Why Freight Rate Data Is Hard
Before getting to the architecture, it is worth understanding what makes freight rate data difficult enough to justify this level of infrastructure investment.
Volume: 85+ carriers, each with hundreds of lane-container type combinations, updated multiple times per day. Processing every rate update means handling tens of thousands of messages per hour during peak carrier update windows.
Heterogeneity: Each carrier provides rates in a different format — some via REST API with JSON, some via EDI (ANSI X12 or UN/EDIFACT), some via CSV file drop on SFTP, some via proprietary API with non-standard data models. Unifying these formats into a consistent schema requires substantial transformation logic.
Temporal complexity: Freight rates have complex temporal semantics — effective dates, expiry dates, booking validity windows, and surcharge schedules that stack on top of base rates. A "current" rate is not a point-in-time snapshot but a function of sailing date, booking date, and commodity type.
Correctness requirements: Users quote customers based on these rates, then buy space from carriers at those rates. A stale or incorrect rate in the Gold layer is not just a data quality problem — it is a financial liability. We needed correctness guarantees that went beyond "eventually consistent."
Our Azure Stack
Carrier APIs / EDI → Azure Functions → Event Hub
↓
Azure Databricks (Bronze ingestion)
↓
Delta Lake on ADLS Gen2 (Silver — cleansed)
↓
Azure Synapse Analytics (Gold — aggregated)
↓
Azure Cache for Redis (hot query cache)
↓
.NET 8 API → Angular frontendEach component has a specific role, and the choices at each level were deliberate.
Azure Functions for ingestion: Serverless, scales automatically with carrier update event volume, and keeps the ingestion layer decoupled from the processing layer. Functions write raw events to Event Hub for buffering.
Azure Event Hub: Provides durable event buffering between ingestion and processing, handles burst ingestion from multiple carriers updating simultaneously, and gives Databricks a stable read position through consumer groups.
Azure Databricks: The processing engine for both batch and streaming transformations. Databricks' Delta Lake format is the technical foundation that makes the medallion pattern reliable.
Azure Synapse Analytics: The Gold layer SQL warehouse — optimised for analytical queries from the comparison API and BI dashboards, with dedicated SQL pools for consistent query performance.
Azure Cache for Redis: Hot cache for the most-queried Gold layer data — reducing Synapse query load for frequently-accessed routes. Covered separately in our Redis caching post.
Key Design Decisions
1. Delta Lake for ACID Transactions
Using Delta Lake on top of Azure Data Lake Storage Gen2 gave us capabilities that vanilla Parquet on blob storage cannot provide:
ACID transactions: Multiple Databricks jobs writing to the same Delta table do not corrupt each other — Delta's transaction log ensures atomicity and isolation. This matters during carrier update surges when multiple streaming jobs are writing Silver simultaneously.

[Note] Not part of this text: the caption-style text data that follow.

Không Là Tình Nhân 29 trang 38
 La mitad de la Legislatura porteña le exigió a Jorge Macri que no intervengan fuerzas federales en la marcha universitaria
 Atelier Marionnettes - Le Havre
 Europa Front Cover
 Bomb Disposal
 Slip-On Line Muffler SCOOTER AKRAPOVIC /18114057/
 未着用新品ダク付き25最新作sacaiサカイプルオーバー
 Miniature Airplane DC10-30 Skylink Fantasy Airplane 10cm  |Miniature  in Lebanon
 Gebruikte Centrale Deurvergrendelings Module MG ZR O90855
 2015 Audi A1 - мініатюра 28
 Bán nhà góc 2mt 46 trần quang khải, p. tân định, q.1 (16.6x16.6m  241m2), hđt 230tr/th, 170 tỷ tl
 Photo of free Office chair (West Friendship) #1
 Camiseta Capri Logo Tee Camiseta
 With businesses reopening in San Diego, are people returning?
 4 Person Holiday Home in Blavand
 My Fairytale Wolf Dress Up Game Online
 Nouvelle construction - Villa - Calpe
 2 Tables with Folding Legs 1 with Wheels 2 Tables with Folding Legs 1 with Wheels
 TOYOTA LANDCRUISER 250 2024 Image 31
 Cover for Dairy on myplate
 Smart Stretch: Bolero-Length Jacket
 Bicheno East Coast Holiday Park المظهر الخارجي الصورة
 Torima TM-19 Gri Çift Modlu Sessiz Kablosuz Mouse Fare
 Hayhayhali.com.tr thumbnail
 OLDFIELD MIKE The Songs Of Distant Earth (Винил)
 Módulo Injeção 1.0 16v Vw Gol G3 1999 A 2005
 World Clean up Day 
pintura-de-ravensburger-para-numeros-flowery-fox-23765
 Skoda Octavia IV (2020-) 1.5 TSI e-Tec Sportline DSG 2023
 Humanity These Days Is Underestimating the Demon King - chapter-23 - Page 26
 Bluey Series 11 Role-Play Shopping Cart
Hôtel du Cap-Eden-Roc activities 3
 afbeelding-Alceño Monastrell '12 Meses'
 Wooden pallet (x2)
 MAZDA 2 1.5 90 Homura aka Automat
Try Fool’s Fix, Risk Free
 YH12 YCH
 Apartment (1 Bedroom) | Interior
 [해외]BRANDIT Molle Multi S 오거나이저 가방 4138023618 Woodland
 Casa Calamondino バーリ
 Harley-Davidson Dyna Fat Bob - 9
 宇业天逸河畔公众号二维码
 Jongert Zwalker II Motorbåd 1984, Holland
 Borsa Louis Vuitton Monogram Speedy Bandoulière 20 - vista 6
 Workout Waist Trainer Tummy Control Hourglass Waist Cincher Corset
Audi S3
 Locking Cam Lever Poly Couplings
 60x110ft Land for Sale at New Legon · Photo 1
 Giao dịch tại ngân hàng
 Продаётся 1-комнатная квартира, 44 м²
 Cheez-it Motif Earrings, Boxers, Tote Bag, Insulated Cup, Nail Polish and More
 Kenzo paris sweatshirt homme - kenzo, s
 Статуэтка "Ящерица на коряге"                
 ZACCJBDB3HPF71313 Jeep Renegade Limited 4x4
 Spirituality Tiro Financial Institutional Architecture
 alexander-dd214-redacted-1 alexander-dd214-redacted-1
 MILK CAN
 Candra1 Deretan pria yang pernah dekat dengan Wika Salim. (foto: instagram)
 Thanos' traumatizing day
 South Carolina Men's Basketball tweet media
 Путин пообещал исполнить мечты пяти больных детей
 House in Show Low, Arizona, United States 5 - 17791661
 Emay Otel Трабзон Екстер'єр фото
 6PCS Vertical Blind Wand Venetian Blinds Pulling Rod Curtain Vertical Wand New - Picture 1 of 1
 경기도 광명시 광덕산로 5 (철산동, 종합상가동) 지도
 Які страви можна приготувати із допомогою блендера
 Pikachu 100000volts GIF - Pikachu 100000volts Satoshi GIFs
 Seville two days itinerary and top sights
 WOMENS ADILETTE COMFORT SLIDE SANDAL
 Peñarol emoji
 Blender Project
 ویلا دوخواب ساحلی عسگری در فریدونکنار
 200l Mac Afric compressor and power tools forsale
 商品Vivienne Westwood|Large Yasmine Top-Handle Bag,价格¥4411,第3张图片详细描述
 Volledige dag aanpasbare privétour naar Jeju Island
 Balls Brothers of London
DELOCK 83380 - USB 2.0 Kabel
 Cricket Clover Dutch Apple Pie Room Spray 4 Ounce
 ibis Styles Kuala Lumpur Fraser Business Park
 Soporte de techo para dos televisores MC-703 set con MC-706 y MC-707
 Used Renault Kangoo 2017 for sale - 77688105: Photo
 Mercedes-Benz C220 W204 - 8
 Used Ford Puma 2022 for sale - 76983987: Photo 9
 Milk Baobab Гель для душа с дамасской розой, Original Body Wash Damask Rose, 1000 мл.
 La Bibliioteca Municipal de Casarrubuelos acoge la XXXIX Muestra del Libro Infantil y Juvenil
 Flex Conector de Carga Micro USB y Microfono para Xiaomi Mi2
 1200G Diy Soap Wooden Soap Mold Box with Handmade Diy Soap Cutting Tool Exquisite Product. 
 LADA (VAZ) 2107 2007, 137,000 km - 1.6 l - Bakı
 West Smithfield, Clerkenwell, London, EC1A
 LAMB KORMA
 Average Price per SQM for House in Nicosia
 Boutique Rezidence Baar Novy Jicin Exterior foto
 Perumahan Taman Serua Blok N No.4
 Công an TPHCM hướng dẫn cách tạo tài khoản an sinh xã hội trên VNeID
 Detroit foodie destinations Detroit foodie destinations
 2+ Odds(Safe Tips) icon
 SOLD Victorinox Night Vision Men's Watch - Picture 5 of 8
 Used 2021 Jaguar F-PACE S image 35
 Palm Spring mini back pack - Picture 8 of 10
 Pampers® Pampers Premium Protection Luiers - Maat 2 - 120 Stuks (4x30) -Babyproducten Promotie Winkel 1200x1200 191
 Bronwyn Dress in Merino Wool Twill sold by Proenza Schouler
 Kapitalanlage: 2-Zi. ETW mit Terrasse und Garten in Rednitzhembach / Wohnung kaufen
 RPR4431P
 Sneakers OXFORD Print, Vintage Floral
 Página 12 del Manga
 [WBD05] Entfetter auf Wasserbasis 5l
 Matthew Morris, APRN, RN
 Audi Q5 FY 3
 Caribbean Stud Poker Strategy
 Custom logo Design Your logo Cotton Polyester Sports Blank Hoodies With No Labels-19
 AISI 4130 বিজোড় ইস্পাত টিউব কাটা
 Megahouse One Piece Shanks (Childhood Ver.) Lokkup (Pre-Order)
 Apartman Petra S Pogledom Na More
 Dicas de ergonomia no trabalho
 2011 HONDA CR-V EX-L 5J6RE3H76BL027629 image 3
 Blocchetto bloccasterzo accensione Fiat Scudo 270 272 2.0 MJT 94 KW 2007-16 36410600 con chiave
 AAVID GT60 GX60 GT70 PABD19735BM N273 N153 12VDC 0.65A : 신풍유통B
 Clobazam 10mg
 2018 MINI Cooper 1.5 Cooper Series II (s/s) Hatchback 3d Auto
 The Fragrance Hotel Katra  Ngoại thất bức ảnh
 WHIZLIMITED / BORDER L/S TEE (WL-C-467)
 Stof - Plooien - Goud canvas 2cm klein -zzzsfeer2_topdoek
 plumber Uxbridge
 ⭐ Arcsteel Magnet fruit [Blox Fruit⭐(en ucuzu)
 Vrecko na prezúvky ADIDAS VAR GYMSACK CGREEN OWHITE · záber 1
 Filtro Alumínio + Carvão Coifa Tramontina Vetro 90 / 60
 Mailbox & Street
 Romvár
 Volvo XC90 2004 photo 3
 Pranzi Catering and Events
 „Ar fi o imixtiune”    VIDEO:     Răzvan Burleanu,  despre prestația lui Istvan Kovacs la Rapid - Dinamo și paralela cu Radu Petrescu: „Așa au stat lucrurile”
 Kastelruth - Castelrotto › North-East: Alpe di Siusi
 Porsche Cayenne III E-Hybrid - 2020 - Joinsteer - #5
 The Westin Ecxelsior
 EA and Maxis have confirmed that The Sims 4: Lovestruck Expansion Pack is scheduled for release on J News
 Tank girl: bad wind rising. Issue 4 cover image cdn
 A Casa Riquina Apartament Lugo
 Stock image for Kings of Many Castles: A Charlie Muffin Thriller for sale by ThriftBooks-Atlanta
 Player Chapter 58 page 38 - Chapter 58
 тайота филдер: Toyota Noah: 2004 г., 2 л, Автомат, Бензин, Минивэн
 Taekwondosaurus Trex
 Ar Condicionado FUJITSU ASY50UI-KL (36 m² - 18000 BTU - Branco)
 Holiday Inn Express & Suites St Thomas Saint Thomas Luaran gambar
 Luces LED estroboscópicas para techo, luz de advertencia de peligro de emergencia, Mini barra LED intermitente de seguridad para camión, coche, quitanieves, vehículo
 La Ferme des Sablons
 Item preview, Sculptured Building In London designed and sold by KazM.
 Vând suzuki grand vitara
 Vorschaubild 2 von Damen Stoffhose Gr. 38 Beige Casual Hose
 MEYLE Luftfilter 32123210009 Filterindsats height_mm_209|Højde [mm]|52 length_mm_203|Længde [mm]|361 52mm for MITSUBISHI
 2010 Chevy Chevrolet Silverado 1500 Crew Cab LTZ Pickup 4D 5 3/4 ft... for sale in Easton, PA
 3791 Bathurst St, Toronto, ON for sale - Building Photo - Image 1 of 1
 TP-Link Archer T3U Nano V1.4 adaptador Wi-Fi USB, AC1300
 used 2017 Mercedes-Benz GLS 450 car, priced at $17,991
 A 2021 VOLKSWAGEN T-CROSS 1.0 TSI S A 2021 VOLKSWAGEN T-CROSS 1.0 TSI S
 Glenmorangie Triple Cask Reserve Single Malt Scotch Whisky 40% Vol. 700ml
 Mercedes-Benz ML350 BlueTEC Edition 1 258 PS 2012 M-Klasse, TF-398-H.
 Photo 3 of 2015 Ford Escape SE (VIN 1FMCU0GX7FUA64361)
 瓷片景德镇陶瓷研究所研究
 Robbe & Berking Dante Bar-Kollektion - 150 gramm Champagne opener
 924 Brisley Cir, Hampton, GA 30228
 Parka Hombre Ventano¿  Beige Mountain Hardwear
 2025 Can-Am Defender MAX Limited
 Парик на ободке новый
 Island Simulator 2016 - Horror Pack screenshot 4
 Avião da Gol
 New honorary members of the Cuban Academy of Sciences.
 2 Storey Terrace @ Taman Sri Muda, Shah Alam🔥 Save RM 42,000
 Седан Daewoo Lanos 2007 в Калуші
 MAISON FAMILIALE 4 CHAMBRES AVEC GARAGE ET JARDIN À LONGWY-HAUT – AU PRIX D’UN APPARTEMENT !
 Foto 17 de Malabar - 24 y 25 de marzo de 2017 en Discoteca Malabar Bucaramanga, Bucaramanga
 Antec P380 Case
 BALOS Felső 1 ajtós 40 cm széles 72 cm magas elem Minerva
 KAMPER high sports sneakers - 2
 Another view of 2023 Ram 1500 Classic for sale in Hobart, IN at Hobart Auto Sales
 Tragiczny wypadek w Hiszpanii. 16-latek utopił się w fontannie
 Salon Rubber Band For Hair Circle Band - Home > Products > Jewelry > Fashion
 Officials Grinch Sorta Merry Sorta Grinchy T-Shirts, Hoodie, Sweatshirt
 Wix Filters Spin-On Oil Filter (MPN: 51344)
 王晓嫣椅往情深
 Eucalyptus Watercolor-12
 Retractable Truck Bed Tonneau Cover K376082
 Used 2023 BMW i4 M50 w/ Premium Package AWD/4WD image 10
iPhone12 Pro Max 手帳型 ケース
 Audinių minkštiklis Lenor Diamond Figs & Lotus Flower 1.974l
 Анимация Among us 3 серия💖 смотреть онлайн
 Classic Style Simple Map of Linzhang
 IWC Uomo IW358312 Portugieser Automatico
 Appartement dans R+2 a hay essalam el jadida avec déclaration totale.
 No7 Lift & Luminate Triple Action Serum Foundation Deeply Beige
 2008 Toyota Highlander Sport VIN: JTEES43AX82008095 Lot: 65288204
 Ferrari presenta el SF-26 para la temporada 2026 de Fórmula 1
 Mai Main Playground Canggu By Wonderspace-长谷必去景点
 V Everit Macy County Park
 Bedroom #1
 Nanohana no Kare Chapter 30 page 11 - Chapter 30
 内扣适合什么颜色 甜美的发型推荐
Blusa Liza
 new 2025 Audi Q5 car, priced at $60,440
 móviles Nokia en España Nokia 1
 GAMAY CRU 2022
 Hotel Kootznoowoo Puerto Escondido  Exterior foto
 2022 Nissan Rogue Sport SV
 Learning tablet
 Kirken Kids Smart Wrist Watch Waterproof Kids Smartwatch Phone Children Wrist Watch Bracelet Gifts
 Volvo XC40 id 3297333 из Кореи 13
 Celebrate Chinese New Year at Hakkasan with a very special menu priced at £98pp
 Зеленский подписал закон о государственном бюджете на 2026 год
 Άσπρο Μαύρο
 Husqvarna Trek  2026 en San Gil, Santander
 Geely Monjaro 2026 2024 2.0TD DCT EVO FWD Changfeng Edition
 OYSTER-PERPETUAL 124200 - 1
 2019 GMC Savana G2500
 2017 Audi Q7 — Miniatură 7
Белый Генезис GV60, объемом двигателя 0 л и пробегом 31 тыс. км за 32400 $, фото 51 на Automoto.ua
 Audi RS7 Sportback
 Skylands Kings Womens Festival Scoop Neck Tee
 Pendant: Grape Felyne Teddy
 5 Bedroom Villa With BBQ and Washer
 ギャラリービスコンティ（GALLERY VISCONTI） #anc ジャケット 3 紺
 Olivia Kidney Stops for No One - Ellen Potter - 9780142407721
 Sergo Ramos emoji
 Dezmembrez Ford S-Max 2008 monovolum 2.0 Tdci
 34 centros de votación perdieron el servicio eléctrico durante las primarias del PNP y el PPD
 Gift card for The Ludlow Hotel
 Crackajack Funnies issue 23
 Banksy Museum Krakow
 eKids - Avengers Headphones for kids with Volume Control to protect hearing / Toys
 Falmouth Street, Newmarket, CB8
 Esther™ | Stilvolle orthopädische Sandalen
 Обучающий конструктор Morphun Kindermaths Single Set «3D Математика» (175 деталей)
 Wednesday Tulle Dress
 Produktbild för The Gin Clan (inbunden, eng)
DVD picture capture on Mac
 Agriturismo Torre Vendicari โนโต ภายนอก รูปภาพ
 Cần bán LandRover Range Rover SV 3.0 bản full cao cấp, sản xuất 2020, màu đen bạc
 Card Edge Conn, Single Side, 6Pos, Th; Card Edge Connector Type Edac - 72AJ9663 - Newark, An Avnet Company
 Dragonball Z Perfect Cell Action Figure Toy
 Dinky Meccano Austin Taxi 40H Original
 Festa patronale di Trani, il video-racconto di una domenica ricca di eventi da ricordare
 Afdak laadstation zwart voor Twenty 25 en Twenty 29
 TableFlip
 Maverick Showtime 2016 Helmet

Time travel: Every Delta table maintains a transaction log that enables reading the table as of any previous point in time. When we need to debug a data quality issue — "what did the Silver table look like at 14:32 yesterday?" — we can query it directly without any manual backup process.
Schema enforcement and evolution: Delta enforces schema on write, catching schema errors at ingestion time rather than at query time. When carriers change their API response schema (which happens regularly, often without notice), schema enforcement surfaces the issue immediately in the Bronze layer rather than silently corrupting Silver.
Schema evolution: When we need to add a column to a Silver table, Delta supports adding nullable columns to existing tables without rewriting historical data. Existing rows materialise the new column as null; new rows populate it. This allowed us to extend our data model as business requirements evolved without downtime.
# Bronze → Silver streaming pipeline with Delta Lake
df_silver = (
spark.readStream
.format("delta")
.load("/mnt/bronze/freight-rates")
.filter("is_valid = true")
.dropDuplicates(["carrier_id", "rate_id", "effective_date"])
# Conform to silver schema
.withColumn("rate_usd", col("total_charge").cast("decimal(18,4)"))
.withColumn("processed_at", current_timestamp())
.withColumn("data_source", lit("carrier-api"))
)
df_silver.writeStream \
.format("delta") \
.outputMode("append") \
.option("checkpointLocation", "/mnt/checkpoints/silver-rates") \
.option("mergeSchema", "true") # Auto-merge schema evolution
.start("/mnt/silver/freight-rates")The checkpointLocation is critical — it tracks the exact position in the Bronze Event Hub stream so that if the streaming job fails, it resumes from where it left off rather than reprocessing or skipping events. This is the mechanism behind the zero-data-loss guarantee.
2. Structured Streaming for Near-Real-Time
Databricks Structured Streaming processes carrier rate events continuously — not in hourly or daily batches. The streaming micro-batch interval was tuned to 30 seconds: frequent enough to provide sub-minute freshness for the Silver layer, infrequent enough to not generate excessive Databricks job overhead.
The Bronze → Silver streaming job validates, deduplicates, and normalises incoming events. Deduplication is non-trivial: carriers occasionally send duplicate rate updates when retrying after perceived failures, and EDI feeds sometimes double-deliver. The dropDuplicates on ["carrier_id", "rate_id", "effective_date"] eliminates these at the Silver layer.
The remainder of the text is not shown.